NHERF-2 reduces the recycling of PMCA2w/b. Cells transfected with the proteins indicated on top of each panel were surface-biotinylated on ice and then washed and collected (input) or incubated at 37 °C for the indicated times to allow endocytosis of PMCA. After glutathione stripping, cells were lysed, and biotinylated proteins were recovered on streptavidin beads. Wild type PMCA2w/b (left panel), NHERF2-associated PMCA2w/b (middle panel), and the truncated PMCA2w/bΔ6 (right panel) were resolved and visualized by Western blotting (arrows), using anti-PMCA antibody 5F10. Glutathione stripping immediately after biotinylation efficiently removed all surface-biotinylated proteins (lanes labeled 0 min). Incubation of cells at 37 °C for 10 or 20 min allowed the recycling of PMCA. Endocytosis of the truncated PMCA2w/bΔ6 was more pronounced (65 ± 6% of input proteins were recovered after 20 min) than that of the wild type PMCA2w/b (26 ± 9% recovery after 20 min) or the NHERF2-associated PMCA2w/b (10 ± 1% recovery after 20 min). Quantified data represent the average of three independent experiments.

FIGURE 5.

Co-transfection with NHERF2 alters the localization of PMCA2z/b but not PMCA2x/b in polarized MDCK cells. GFP-PMCA2z/b (A panels) or GFP-PMCA2x/b (B panels) was co-expressed with NHERF2 in MDCK cells, and the localization of the two proteins was determined by confocal microscopy. NHERF2 was visualized using anti-NHERF antibody (A2 and B2, red). Cells were also stained with an antibody against the basolateral Na⁺/K⁺-ATPase α-subunit (A5 and B5, red). Merged images are shown on the right (A3, A6, B3, and B6).

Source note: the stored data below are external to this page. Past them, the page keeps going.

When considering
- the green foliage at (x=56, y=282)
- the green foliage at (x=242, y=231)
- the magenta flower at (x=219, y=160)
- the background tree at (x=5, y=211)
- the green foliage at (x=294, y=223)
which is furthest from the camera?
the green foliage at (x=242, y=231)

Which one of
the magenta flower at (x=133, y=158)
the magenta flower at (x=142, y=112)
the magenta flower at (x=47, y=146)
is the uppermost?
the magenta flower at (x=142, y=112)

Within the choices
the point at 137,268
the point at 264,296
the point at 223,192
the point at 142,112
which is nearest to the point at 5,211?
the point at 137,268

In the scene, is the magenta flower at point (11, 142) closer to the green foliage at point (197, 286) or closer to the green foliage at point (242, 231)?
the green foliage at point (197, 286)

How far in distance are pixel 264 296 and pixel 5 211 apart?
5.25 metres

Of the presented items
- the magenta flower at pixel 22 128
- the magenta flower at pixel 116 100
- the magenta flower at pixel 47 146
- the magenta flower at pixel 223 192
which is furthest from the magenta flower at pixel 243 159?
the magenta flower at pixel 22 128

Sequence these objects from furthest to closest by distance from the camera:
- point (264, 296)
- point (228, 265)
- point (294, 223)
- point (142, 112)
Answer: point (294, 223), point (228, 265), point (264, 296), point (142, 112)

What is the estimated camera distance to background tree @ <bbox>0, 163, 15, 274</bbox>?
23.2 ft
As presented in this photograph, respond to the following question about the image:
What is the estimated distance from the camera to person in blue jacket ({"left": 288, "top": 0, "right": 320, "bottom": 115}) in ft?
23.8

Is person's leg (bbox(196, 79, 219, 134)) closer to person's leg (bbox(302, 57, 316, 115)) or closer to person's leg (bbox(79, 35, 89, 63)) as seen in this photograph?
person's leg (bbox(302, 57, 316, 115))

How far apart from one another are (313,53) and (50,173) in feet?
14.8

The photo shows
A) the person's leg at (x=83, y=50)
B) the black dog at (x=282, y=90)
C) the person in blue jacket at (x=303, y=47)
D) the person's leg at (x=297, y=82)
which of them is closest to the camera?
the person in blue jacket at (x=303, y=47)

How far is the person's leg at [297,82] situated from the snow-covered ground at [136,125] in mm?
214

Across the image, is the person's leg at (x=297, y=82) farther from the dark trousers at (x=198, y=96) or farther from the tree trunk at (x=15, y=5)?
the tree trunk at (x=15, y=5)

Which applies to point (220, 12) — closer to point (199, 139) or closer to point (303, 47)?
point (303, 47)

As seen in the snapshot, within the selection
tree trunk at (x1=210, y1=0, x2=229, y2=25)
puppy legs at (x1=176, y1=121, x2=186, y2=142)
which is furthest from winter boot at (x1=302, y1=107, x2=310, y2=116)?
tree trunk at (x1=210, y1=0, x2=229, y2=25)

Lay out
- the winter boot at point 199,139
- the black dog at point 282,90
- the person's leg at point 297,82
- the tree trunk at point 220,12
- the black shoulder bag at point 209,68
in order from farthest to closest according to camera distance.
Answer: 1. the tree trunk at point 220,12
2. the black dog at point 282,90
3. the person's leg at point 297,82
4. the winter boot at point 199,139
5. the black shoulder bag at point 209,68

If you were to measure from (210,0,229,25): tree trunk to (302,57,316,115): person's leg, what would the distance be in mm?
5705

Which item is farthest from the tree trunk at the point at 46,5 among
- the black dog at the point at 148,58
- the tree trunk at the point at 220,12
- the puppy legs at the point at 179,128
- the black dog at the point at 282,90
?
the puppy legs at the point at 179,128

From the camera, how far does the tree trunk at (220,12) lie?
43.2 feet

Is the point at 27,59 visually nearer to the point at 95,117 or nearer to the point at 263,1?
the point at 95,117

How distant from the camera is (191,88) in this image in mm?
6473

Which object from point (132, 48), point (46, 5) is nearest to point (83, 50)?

Apical xy sections are shown in the en face views in A1–A6 and B1–B3, whereas subapical xy sections are shown in B4–B6. Corresponding xz sections are shown on top of each image. GFP-PMCA2z/b and NHERF2 localization partially overlap at the apical membrane (A1–A3), in contrast to the complete separation of GFP-PMCA2x/b and NHERF2 in the lateral and apical domains, respectively (B1–B3). Both GFP-PMCA2z/b (xz sections in A4–A6) and GFP-PMCA2x/b (B4–B6) show substantial co-localization with the basolateral marker Na⁺/K⁺-ATPase α-subunit. C, fluorescence quantification was performed as described under “Experimental Procedures.” Values represent the mean ± S.E. of 15–20 cells from three independent experiments.

FIGURE 6.

Scheme illustrating the effect of NHERF2 on the cellular distribution of PMCA2b A-splice variants. Black arrows indicate the targeting of PMCA2b variants (W, PMCA2w/b; Z, PMCA2z/b; X, PMCA2x/b) in polarized MDCK cells. Under control conditions (left panel), only PMCA2w/b shows prominent targeting to the apical plasma membrane (apical PM). Upon NHERF2 expression (right panel), apical PMCA2w/b is greatly enhanced, and PMCA2z/b is recruited to the apical membrane (indicated by the thick arrows), whereas PMCA2x/b is unaffected and stays in the lateral membrane.